FAQ – Spegel

FAQ

Can I use Spegel in production?

Spegel is being used by multiple users in production for over a year without any major issues. The great thing is that pulling images would not stop working if you for some reason would find an issue with Spegel. A fallback to the original registry will always occur if Spegel can’t be reached or serve the requested image.

What performance increase can I expect with Spegel?

Read the benchmark documentation for information of expected gains.

How do I know that Spegel is working?

Spegel is meant to be a painless experience to install, meaning that it may be difficult initially to know if things are working or not. Simply put a good indicator that things are working is if all Spegel pods have started and are in a ready state. Spegel does a couple of checks on startup to verify that any required configuration is correct, if it is not it will exit with an error. While it runs it will log all received requests, both those it mirrors and it serves.

An incoming request to Spegel that is mirrored will receive the following log.

{"level":"info","ts":1692304805.9038486,"caller":"gin@v0.0.9/logger.go:53","msg":"","path":"/v2/library/nginx/blobs/sha256:1cb127bd932119089b5ffb612ffa84537ddd1318e6784f2fce80916bbb8bd166","status":200,"method":"GET","latency":0.005075836,"ip":"172.18.0.5","handler":"mirror"}

While the Spegel instance on the other end will log.

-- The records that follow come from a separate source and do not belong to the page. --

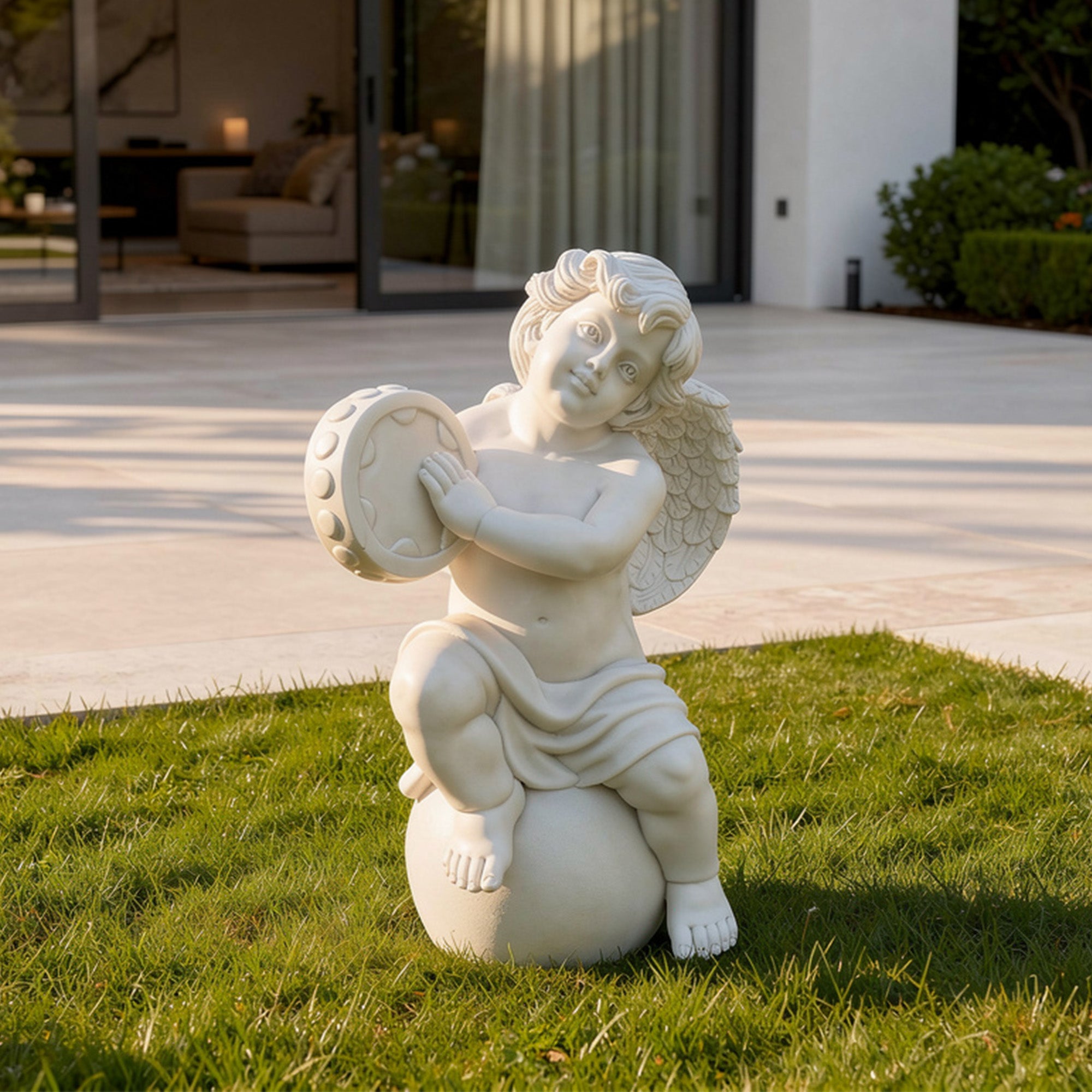 white natural marble cherub statue holding tambourine displayed on lawn in modern outdoor courtyard with warm natural sunlight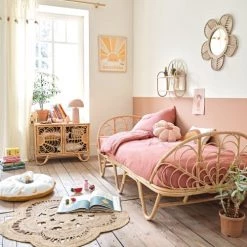 Maisons Du Monde Bibliothèques Et étagères Enfant Etagère En Rotin Et Bois De Sapin Beige -Armoires enfant Soldes etagere en rotin et bois de sapin beige 1000 3 18 226256 5
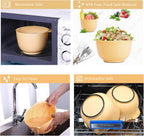 BoxedHome Nesting Plastic Mixing Bowl Set, 4 Piece Mixing Bowl Set with Pour Spouts, Size 1.7, 2.5, 3.5 and 4.5qt, for Prepping, Mixing, Baking, Cooking, Maize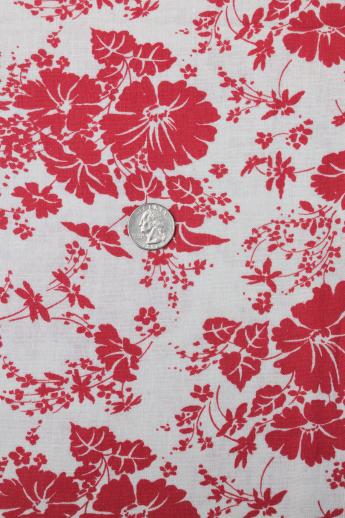 old red & white print cotton feed sack, authentic vintage fabric for quilting etc.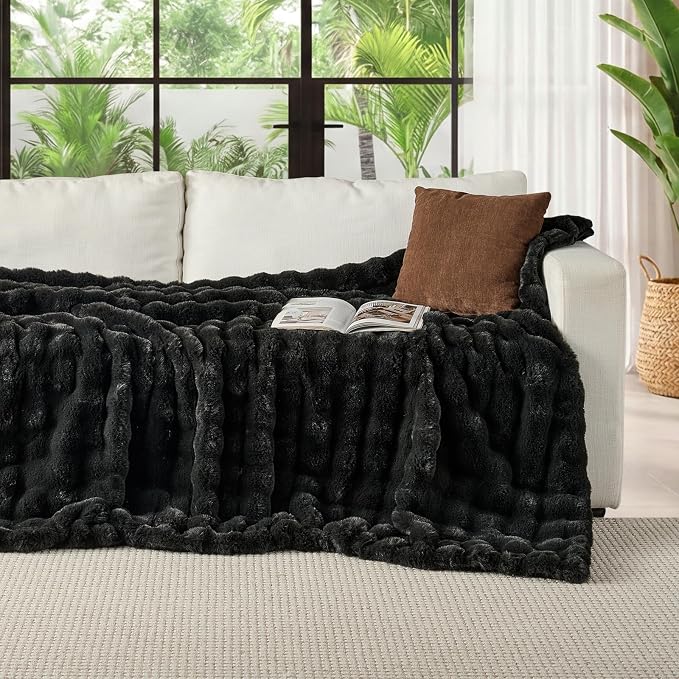 Lotus Karen Faux Fur Throw Blanket Black - Big Bubble Rabbit Fluff Blanket for Couch, Small Fluffy Fuzzy Cozy Blanket, Thick Furry Plush Shaggy Blankets, 50x60 Inches
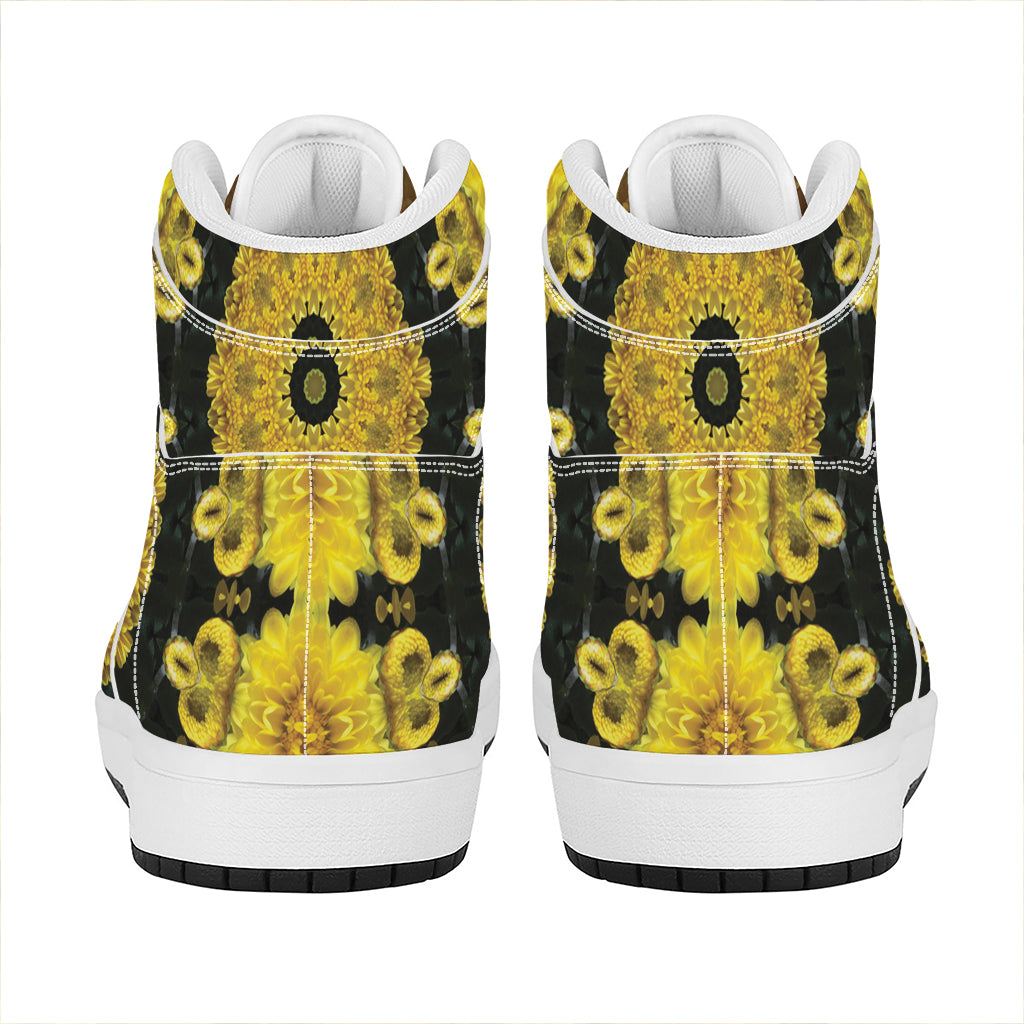 Yellow Flower Kaleidoscope Print High Top Leather Sneakers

{"level":"info","ts":1692304805.9035861,"caller":"gin@v0.0.9/logger.go:53","msg":"","path":"/v2/library/nginx/blobs/sha256:1cb127bd932119089b5ffb612ffa84537ddd1318e6784f2fce80916bbb8bd166","status":200,"method":"GET","latency":0.003644997,"ip":"172.18.0.5","handler":"blob"}

Will image pulls break or be delayed if a spegel instance fails or is removed?

Spegel acts as a best-effort cache and the worst-case scenario is always that images are pulled from the upstream registry (e.g. Docker Hub).

However, should a spegel instance fail (perhaps because the node died), there will be a time interval when its images remain advertised. Currently, spegel advertises images with a TTL of 10 minutes. Other spegel peers may try to forward requests to the failed instance, delaying the response to the pulling client. In benign scenarios, this delay is the length of an intra-cluster round trip (the HTTP request and an ICMP unreachable response), likely <1ms. Of course, there are less benign scenarios (e.g. inter-node packet loss) where no replies will come back and spegel’s forwarder will eventually time out before moving on to the next available peer. Spegel uses the standard library’s httputil.ReverseProxy to forward requests, which in turn depends on DefaultTransport to decide how long to wait before giving up.

Please note that a client is likely to request several layers in parallel and in many cases the advertising instances will have a similar routing distance, so spegel will spread its forwards across those instances. Thus, the benign scenario is unlikely to impact pod startup time. Only when the routing distance is different (e.g. edge locations) or when an image dominated by one large layer is affected is pod startup time materially increased.

Why am I not able to pull the new version of my tagged image?

Read the updating latest tag guide.

Why am I able to pull private images without image pull secrets?

An image pulled by a Kubernetes node is cached locally on disk. Meaning that other pods running on the same node that require the same image do not have to pull the same image again. Spegel relies on this mechanism to be able to distribute images. This may however not be a desirable feature when running a multi-tenant cluster where private images are pulled using credentials. In this scenario, only those pods with the correct credentials would be able to use the image. Ownership of private images has been an issue for a long time in Kubernetes as indicated by the unresolved issue https://github.com/kubernetes/kubernetes/issues/18787 created back in 2015. The short answer is that a good solution does not exist, with or without Spegel. The current suggested solution is to enforce an AlwaysPull image policy for private images that require authentication. Doing so will force a request to the registry to validate the digest or resolve the tag. This request will only succeed with the proper authentication. This is a mediocre solution at best as it creates a hard dependency on the external registry, meaning the pod will not be able to start even if the image is cached on the node.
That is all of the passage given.